實は私の支那史學史といふものは、抑※それを始めましたのは大正三年頃でありますから、今から十九年廿年前であります。それを訂正して二度繰返しました。それで二度目の時でありましても十數年前で、多分大正八・九年頃から二年か三年續けてやつて居ります。その後訂正は一通りはしてあります。大正十二年、私大病をした後に有馬に暫く居りました。その時に筆記の訂正だけは致しましたけれども、之を出版する程の訂正をするのは、もう少し暇がかかりますので、其の儘に打つちやらかして今日迄發表をしないのであります。

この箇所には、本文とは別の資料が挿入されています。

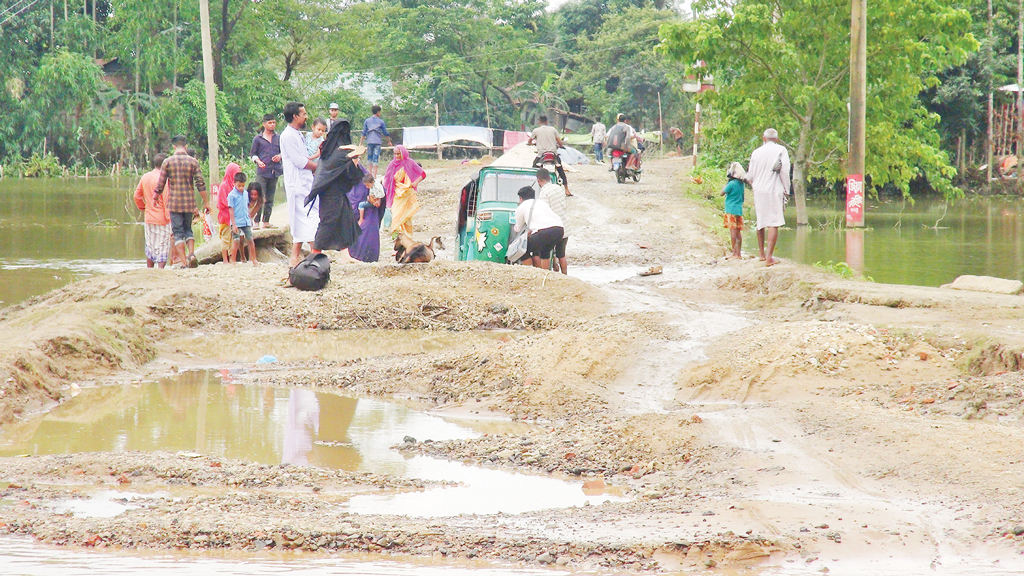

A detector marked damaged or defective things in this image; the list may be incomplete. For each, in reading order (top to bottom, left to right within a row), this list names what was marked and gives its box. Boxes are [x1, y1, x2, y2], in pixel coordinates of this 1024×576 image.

flood-damaged road [2, 158, 1024, 576]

さういふ譯で隨分研究とすれば、もう黴の生えて居る研究であります。その時に大體この支那の歴史の起源といふやうなものに就いて色々研究をして見ました。或はその中の研究で、私が先にやつたことを後に王國維氏がやつたのが、今日では王國維氏の創説のやうになつて居る部分なんぞありますが、ともかく一通り歴史の起源といふやうなことに就て、その時考へて見たのであります。その時講義しました歴史の起源は、多くは史料の起源、記録の起源といふやうなものに就てやりましたので、餘り歴史的思想の方の起源はやつて居らなかつたやうに思ひまして、それでその部分が缺けて居ると思ひまして、後(あと)でその要領だけを補つてその筆記の中へ挾んで居つたと思ひます。大分老衰の加減で記憶が惡くなつておりますから、間違つて居るかも知れません。
實は起源と申しましても、起源といふ方がよいのか、或はその歴史的思想が段々發達して居る徑路に及んで居るのでありますから、歴史的思想の發達と云ふ方がよいかも知れません。ともかくさういふ方のことに就て、色々の材料に就て考へました。
第一は比較的正確な記録の中に見えてゐる歴史的思想であります。支那の古記録、例へば經書といふやうなものでも、絶對に正確といふことを申しますのは餘程困難であります。先づ比較的正確と言ふより外致し方ありません。それでつまり尚書などが最も比較的正確な記録であると思ひますが、その尚書の中に、又最も比較的正確な部分があると思ひます。それはどういふことかと申しますと、周の初め、周公を中心として書いたものが最も比較的正確であらうと思ふのであります。今日の尚書の中の、確かだと言はれる今文尚書の中で、殊に周公に關することが比較的正確であると思ひます。その理由まで申すとなか/\長くなりますから、今日はお預りして置きます。でその周公に關係したことと申しますといふと、例へば大誥・康誥・酒誥・召誥・洛誥、之を五誥と申しますが、その五誥であるとか、或はそれに續いてあります所の無逸・君※・多士・多方・立政、さういふ諸篇は皆周公に關係したものであります。それが先づ大體に於て尚書の中でも比較的正確なものだと思ひます。しかし之に就て更に細かに考へて見ますと、その中でも純粹な記録で保存されたものといふものはなかなか無いのでありまして、一部分は記録、一部分は傳誦で傳はつて居つたやうな形であります。その中でも、記録として遺つた部分の多からうと思ひますのは今の五誥の種類でありまして、それに比べますと無逸とか君※とかいふやうなものは多少物語として遺つたかのやうに考へられる部分が多いのであります。尤もそれにしても、即ちそれが多少物語になつて遺つて居つたとしても、その物語は、或る新らしい時代に簡册に書かれたものでなくして、相當古い時代に書かれたものでないかと考へられます。それらの周公に關係しましたものの中で、最後に出て居りますのは立政篇でありますが、その中に使つてある文字、――妙なことから私考へ付いて居りますのですが、その中に助字の「矣」の字を使つて居ります。助字の「矣」の字を使つて居る篇は、周公に關係した諸篇の中で立政一つである。さうしてそれが詩經などの例に依りますと、「矣」の字が段々多く使はれて來て居りますのは、大體西周の末頃から東周の初め頃に出來ました詩に多いやうに考へられますので(1)、この立政などは少くとも周公に關する説話が、東周の初め迄の間に書かれたものではないかと思ひます。さうしてそれが周公に關係した諸篇の最後に出て居りますから、それ以外のものは大體それ以前に書かれたかと、まあ想像するのでありますが、まだそれを極めてはつきりと申上げる程研究はして居りませんです。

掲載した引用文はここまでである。